Told
Slant is the songwriting project of Felix Walworth, Brooklyn based lyricist,
producer, and founding member of The Epoch arts collective. Felix is gender
non-comforming or non-binary if you prefer, using pronouns they and them, so
that's what we'll be using as well. Walworth started the project in 2011 as a
means of marking a stylistic shift in their songwriting, specifically a shift toward
understated, ambling arrangements and simple, illustrative lyrics.
A
multi-instrumentalist who focuses on drums, Walworth grew up in a musical
environment with father Danny Walworth, who drummed alongside guitarist
Thurston Moore in the pre-Sonic Youth group the Coachmen. Those of you who
don't know Sonic Youth, here's Teenage Riot from their classic album Daydream
Nation:
The
younger drummer started Told Slant as an undergraduate at Bard College.

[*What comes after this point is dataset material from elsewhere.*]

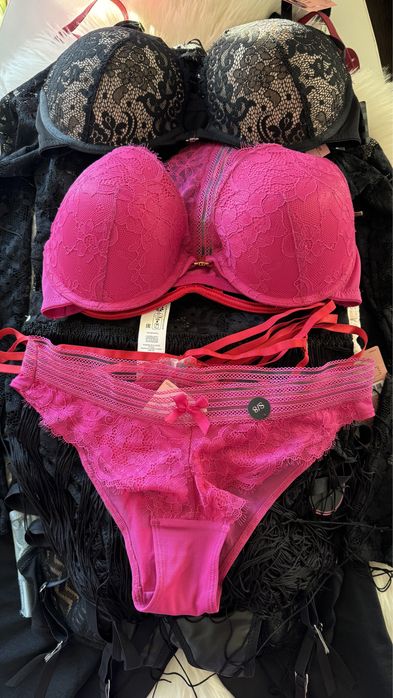 Лот білизни оптом, опт сток, Hunkemoller мікс брендів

Walworth's intimate and delicately off-kilter first LP, Still Water, was
self-released in 2012. From this album, here's an interesting song called In
San Francisco:
Each
phrase of the album is less sung, more choked out as best they can manage it,
while they create songs as a means of catharsis for all the things they are
going through. This raw emotion in the performance gives each track on Still
Water a confessional quality, helped along by a very close-mic recording. Lack
is one such song.
Ohio
Snow Falls is one of the punchier songs:
“I
am so fucked up” he concludes on Sleep In. There’s a feeling in the lyrics
which is almost like a stream of consciousness: the dark thoughts creeping to
the surface and crawling all over your mind like cockroaches, scuttling back
into the shadows, but never really going away.
Listening
to them, I'm really reminded of Velvet Underground. They were the insipration
for so many acts after them... As Brian Eno had said: “The first Velvet
Underground album only sold 10,000 copies, but everyone who bought it formed a
band”. We'll get to deal with Velvet Underground more extensively soon.
Though
Told Slant functions more like a “solo project” in its recorded state, its live
incarnation is arranged and performed by Walworth and Epoch co-collaborators
Emily Sprague of Florist, Oliver Kalb of Bellows, and Gabrielle Smith of
Eskimeaux. Since the release of Still Water, they have toured extensively, slowly
developing a very devoted fan base. No records were released in the meantime,
until a few months ago, when their 2nd album Going By was released.
Walworth’s
voice revels in its own messy excess, repurposing vocal
transgressions into fundamental elements of their singing style. On Low
Hymnal, conscious claiming of the queer body’s deviance (“still my
body will be an illegible one,”) allows their voice to so powerfully
transmit the extensive trauma that queer bodies magnetize.
In
Green Nail Polish they say:
I
don't want to make my bed for anyone
I
don't want to spread my legs for anyone
I
like to make my breakfast alone
walk
myself to the store
and
then back to the porch
you
liked my green nail polish
and
I liked your short black mullet
it
wasn't love but I don't know what to call it
Tsunami
begins with a gravelly mumble of “I want to be a good sky on bad day” before
choking a register higher into “and today was a bad day.” The weary lyrics bare
an “old soul” demeanor.
The
lyrics get even bleaker in Sweater:
Talking
used to pass the time
And
smoking used to pass the time
But
talking became a waste of time
And
smoking became a waste of time
And
my life became a pantomime
Of
my life when I liked to be alive
That
slippage from comfort to desolation and companionship to solitude is the space
Told Slant’s music inhabits. It's not a comfortable place to be, but it feels
real.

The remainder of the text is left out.